My four year old daughter and I were playing with Barbies on the living room floor, trying to ignore the tempest outside. I knew that if I could keep us both distracted, the commotion outside wouldn’t be so frightening. So far, my plan was working.
It sounded like a bomb went off as a lightning bolt struck and the ensuing thunder crashed, taking the power out! With a startled yell, she jumped into my lap, terrified.
With a “mommy’s right here” tone of voice, I tried, unsuccessfully, to distract her from the noise outside. She was just too scared; her fear made my efforts futile.
As she sat trembling on my lap, the thunder resounding again and again around us, I took her face tenderly in my hands and said, “Look at ME!” Trembling, she turned her eyes to mine and I began to sing Sunday school songs to her.
Her child voice wavered at first, but as we sang, “This Little Light of Mine” and “Yes, Jesus Loves Me,” her voice grew stronger and she stopped shaking.

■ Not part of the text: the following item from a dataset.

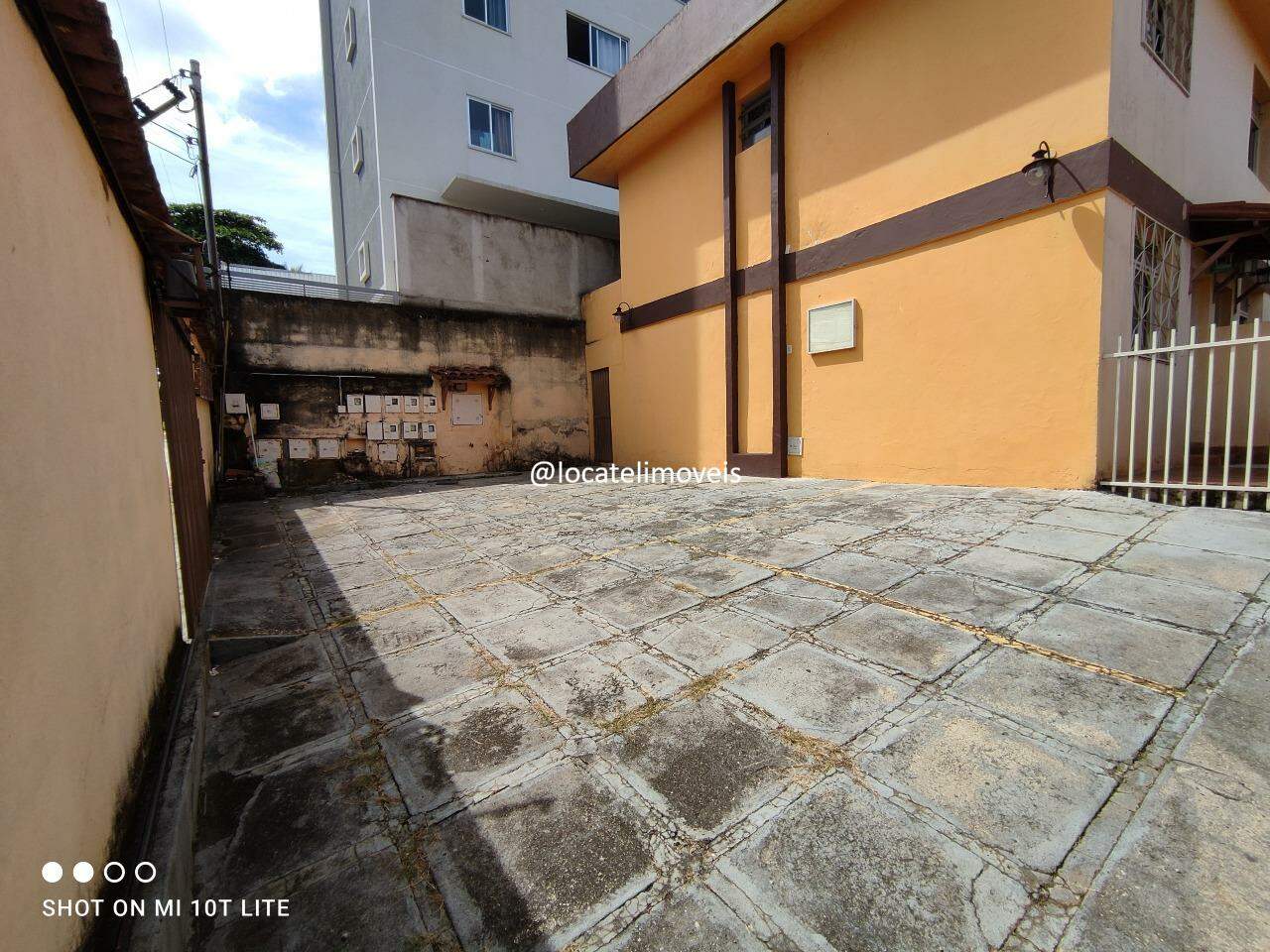 Apartamento para aluguel no Milionários:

The storm was still raging around us, but we sat, focused on each other; singing our Jesus songs.
Now, a life time later, my daughter has grown and married, I sat alone, terrified as the storm that had consumed my life crashed around me. Shaking, I leaned against the wall as emotional pain swept over me, sucking the air out of me with gale force winds. Trying to calm my insides down was like trying to nail jello to a piece of foam board.
I forced myself to focus on II Corinthians 12:10 “That is why, for Christ’s sake, I delight in weaknesses, in insults, in hardships, in persecutions, in difficulties. For when I am weak, then I am strong.” Shaking my head in agreement, my thoughts tried to focus on God’s provision, His strength instead of my obvious fragility.
It was like satan had singled me out as his pet project. Every time I felt like I was getting back on my feet; another crushing blow hit. Too shaken and frightened to think clearly, I began to comfort myself with the familiar songs from childhood. As I sang, God whispered to my heart, “Look at ME.”
This Little Light of mine, I’m going to let it shine, I won’t LET satan blow it out, I’m going to let it shine! Jesus loves me YES I know, for the Bible tells me so; little ones to him belong, they are weak but HE is strong.
Bracing myself, I focus on what my heart knows to be true instead of what my eyeballs keep seeing. I love you, oh Lord, my strength. I CHOOSE to look at you and walk boldly on.
Psalms 27:8 When You said, “Seek My face,” My heart said to You, “Your face, LORD, I will seek.”
Prayer: Father, help me to focus the eyes of my heart on you when the storms come. Show me your steady hand, your constant presence. I’m weak, you are strong–hold me. Amen.